This returns the spamd processes pids, but it seems to return the children pids first, and the parent one last. As such, while the children pids are killed off, the parent sees this and restarts a child proceess. Testing by running 'ps auxww|grep -i spamd' during the restart preocess shows that a new spamd child has appeared before the 'start' executes. When it does execute it fails because of the child process.
I have modified /etc/init.d/functions to reverse the order of pids returned by 'pidof'. As such the parent gets killed off first. Testing this, it works fine every time now.
In /etc/init.d/functions I modified at line 185:
if [ -z "$pid" ]; then
pid=`pidof -c -o $$ -o $PPID -o %PPID -x $1 || \
pidof -c -o $$ -o $PPID -o %PPID -x $base`
# JH - fix for SA 'restart'
pid=`echo $pid | tac -s ' '`
pid=`echo -n $pid`
I used 'tac' because it seemed the easiest way to reverse the list of pids.
Note: SA could write a pid file. But 'killproc' only looks in /var/run, and we start SA as a non-root user. As such that user cannot write a pid file into /var/run. So we must rely on pidof to get the pids.
We start SA with the '-m 15' option because we run busy mail servers. As such there are a lot of child processes, and this in itself probably contributes to the problem. However, the problem exists if we reduce the number to 10, or even to use the default of 5. Our /etc/sysconfig/spamassassin file contains:
SPAMDOPTIONS="-d -x -m 15 -s daemon -u mail --max-conn-per-child=100"
Version-Release number of selected component (if applicable):
Steps to Reproduce:
2.Issue the command 'service spamassassin restart' on a busy server.
Actual Results: The error mentioned above appears - SA fails to restart.
Expected Results: SA should have restarted with no errors.
tac is in /usr/bin - you can't use that in this context.
I'd suspect if pid wraparound has happened since the parent started, this
wouldn't do what you'd want.
I admit 'tac' is not ideal, it was the only thing I could find that would
reverse 'something' for me. Second thought was perhaps modifying 'pidof' to
something like 'pidof -r' where the '-r' reverses the pid order.

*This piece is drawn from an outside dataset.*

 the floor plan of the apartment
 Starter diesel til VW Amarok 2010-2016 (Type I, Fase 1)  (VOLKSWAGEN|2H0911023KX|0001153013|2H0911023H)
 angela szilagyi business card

Likewise, I agree that pid wrapround would probably cause this to fail. I can,
of course, get SA to write the parent pid out to a file, but then 'functions'
would need to know where to find it - so, again back to modifying 'functions'.
Unfortunately SA itself has some comments/warnings about writing the pid out
before changing to a non-root user. As such this option didn't seem practicable,
despite being the most obvious.
I have thought more about this and have to admit that my first idea was somewhat
nonsense :-) The problem in trying to create a generic solution is that SA can
be run as any user the sysadmin wishes, and can write the pid file wherever
he/she wants to. However, the ISC BIND 'named' process can similarly be run as a
non-root user and write a pid file out.
To that extent I have scrapped the 'functions' changes mentioned initially. I
have modified /etc/sysconfig/spamassassin and /etc/init.d/spamassassin to
recognise the environment variable 'SPAMD_PID'. I created, in our case,
/var/run/spamassassin and 'chmod mail:mail /var/run/spamassassin' to let SA
write the pid file into there.
The /etc/sysconfig/spamassassin file becomes:
# Options to spamd
# Set SPAMD_PID to the PID file path if the SpamAssassin '-r' option is used.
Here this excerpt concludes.